* [Records for this exercise]
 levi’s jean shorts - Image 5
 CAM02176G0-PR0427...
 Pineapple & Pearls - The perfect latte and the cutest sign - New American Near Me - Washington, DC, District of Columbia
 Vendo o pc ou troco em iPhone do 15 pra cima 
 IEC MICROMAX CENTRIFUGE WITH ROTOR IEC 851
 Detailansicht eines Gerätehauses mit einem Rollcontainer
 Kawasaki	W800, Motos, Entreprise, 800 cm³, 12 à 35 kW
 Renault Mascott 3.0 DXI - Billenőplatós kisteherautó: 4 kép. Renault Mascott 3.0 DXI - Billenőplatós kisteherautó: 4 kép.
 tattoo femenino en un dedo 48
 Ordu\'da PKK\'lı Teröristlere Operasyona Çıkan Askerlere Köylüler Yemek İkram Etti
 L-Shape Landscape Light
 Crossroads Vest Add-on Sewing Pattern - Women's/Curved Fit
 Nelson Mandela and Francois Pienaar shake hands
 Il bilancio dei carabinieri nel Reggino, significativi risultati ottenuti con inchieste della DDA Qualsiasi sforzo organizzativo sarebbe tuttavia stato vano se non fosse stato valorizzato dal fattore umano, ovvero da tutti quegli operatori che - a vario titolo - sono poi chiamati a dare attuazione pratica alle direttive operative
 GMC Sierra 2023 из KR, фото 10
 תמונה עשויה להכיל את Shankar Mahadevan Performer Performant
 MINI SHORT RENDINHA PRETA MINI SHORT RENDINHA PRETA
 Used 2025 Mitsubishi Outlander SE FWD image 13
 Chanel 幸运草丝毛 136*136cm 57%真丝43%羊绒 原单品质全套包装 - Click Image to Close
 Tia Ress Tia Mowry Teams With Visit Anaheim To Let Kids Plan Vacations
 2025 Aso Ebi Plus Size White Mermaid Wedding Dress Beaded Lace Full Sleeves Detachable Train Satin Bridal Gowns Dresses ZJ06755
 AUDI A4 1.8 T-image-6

* [Problem to work on]
Transcribe every record verbatim.

* [Answer for the task]
 levi’s jean shorts - Image 5
 CAM02176G0-PR0427...
 Pineapple & Pearls - The perfect latte and the cutest sign - New American Near Me - Washington, DC, District of Columbia
 Vendo o pc ou troco em iPhone do 15 pra cima 
 IEC MICROMAX CENTRIFUGE WITH ROTOR IEC 851
 Detailansicht eines Gerätehauses mit einem Rollcontainer
 Kawasaki	W800, Motos, Entreprise, 800 cm³, 12 à 35 kW
 Renault Mascott 3.0 DXI - Billenőplatós kisteherautó: 4 kép. Renault Mascott 3.0 DXI - Billenőplatós kisteherautó: 4 kép.
 tattoo femenino en un dedo 48
 Ordu\'da PKK\'lı Teröristlere Operasyona Çıkan Askerlere Köylüler Yemek İkram Etti
 L-Shape Landscape Light
 Crossroads Vest Add-on Sewing Pattern - Women's/Curved Fit
 Nelson Mandela and Francois Pienaar shake hands
 Il bilancio dei carabinieri nel Reggino, significativi risultati ottenuti con inchieste della DDA Qualsiasi sforzo organizzativo sarebbe tuttavia stato vano se non fosse stato valorizzato dal fattore umano, ovvero da tutti quegli operatori che - a vario titolo - sono poi chiamati a dare attuazione pratica alle direttive operative
 GMC Sierra 2023 из KR, фото 10
 תמונה עשויה להכיל את Shankar Mahadevan Performer Performant
 MINI SHORT RENDINHA PRETA MINI SHORT RENDINHA PRETA
 Used 2025 Mitsubishi Outlander SE FWD image 13
 Chanel 幸运草丝毛 136*136cm 57%真丝43%羊绒 原单品质全套包装 - Click Image to Close
 Tia Ress Tia Mowry Teams With Visit Anaheim To Let Kids Plan Vacations
 2025 Aso Ebi Plus Size White Mermaid Wedding Dress Beaded Lace Full Sleeves Detachable Train Satin Bridal Gowns Dresses ZJ06755
 AUDI A4 1.8 T-image-6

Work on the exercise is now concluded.